|Polstead, Suffolk. Site of the Red Barn murder|
There are some similarities to Two for sorrow - Josephine Tey is again a central character, and is rather more well-developed than she was in the earlier novel. Perhaps it was because I now knew what to expect in terms of the way the Josephine Tey character was treated, but I had none of the qualms or uneasiness with the character this time round as I had had before. Like Two for sorrow, much of the narrative involves a much earlier crime which proves to have unexpected repercussions long into the future. The crime this time is the famous case of Maria Marten (rightfully Martin), also known as the Red Barn murder.

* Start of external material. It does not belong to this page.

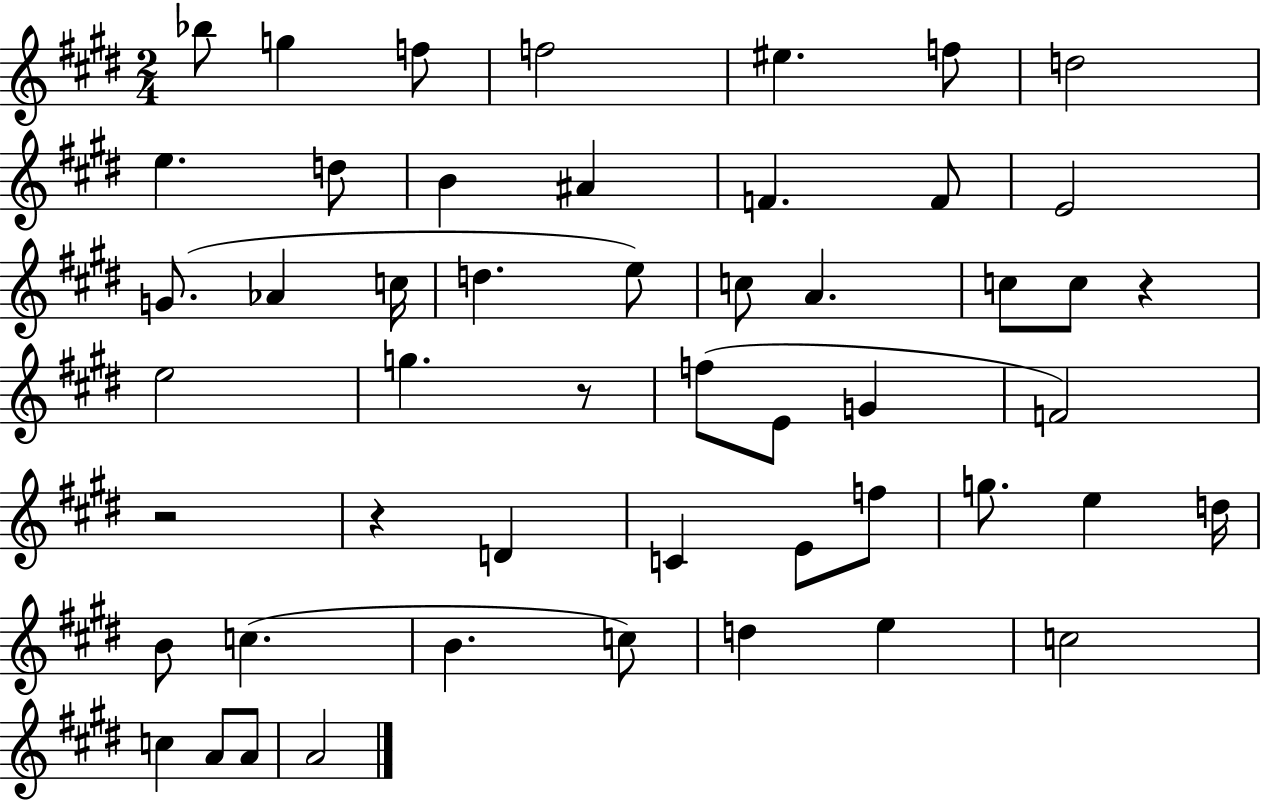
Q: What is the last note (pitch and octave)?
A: A4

As Tey gets drawn into the investigation a cast of fictional and factual characters (Tod Slaughter and Mrs. Simpson are just two of them) mesh seamlessly together in a compelling and thought provoking read.
Lucy Kyte is extraordinarily well written, it manages to combine effortlessly 2 strands of crime fiction, one Victorian, one set in the 1930s along with the true story of a notorious Victorian murder and the complex social mores of a Britain between the wars, while musing on the lives of women in the nineteenth and twentieth centuries. All this, and a chilling ghost story too. It's a superb piece of writing. Very enjoyable, often moving, occasionally creepy. I thoroughly recommend Nicola Upson's The death of Lucy Kyte.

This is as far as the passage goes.